RAW DATA:
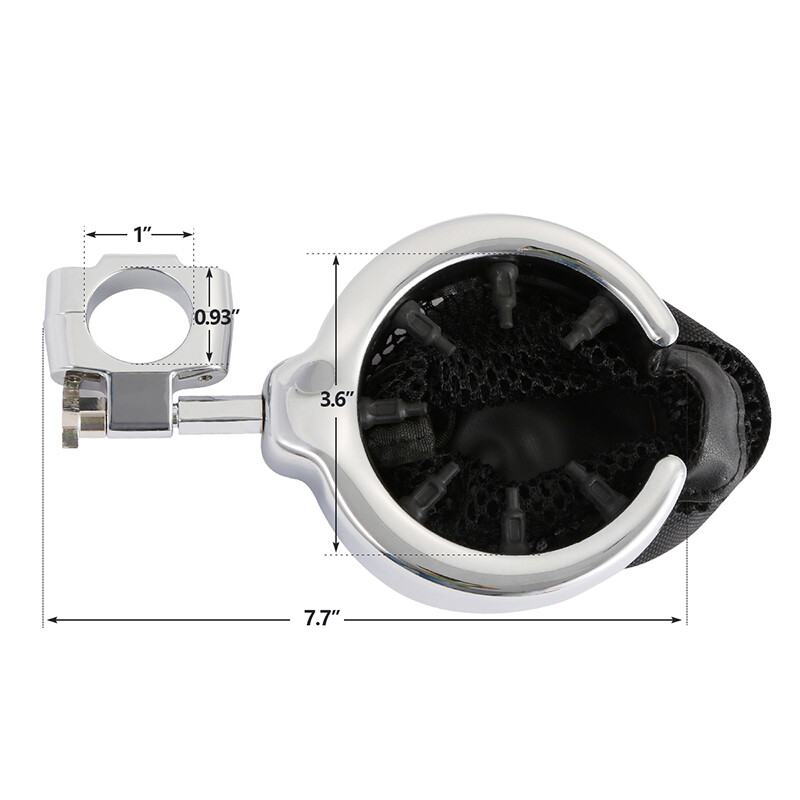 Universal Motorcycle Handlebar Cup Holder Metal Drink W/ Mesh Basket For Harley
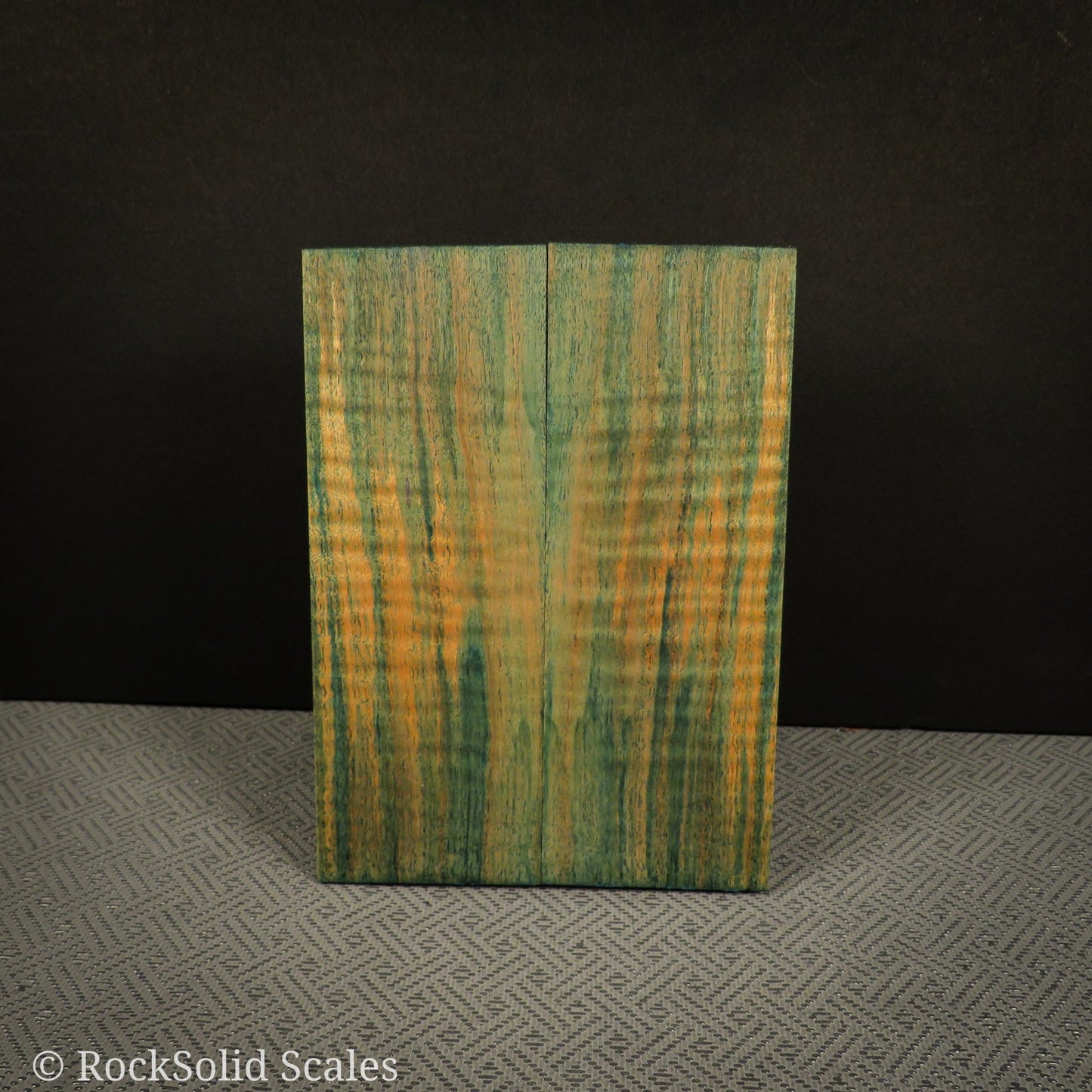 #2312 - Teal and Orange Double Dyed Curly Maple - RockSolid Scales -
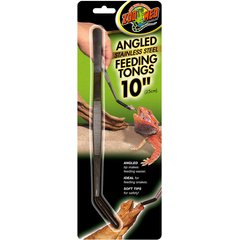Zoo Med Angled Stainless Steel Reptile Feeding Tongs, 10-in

TASK: The expected output is the material above, repeated exactly and free of pictures.

ANSWER BOX:
 Universal Motorcycle Handlebar Cup Holder Metal Drink W/ Mesh Basket For Harley
 #2312 - Teal and Orange Double Dyed Curly Maple - RockSolid Scales -
Zoo Med Angled Stainless Steel Reptile Feeding Tongs, 10-in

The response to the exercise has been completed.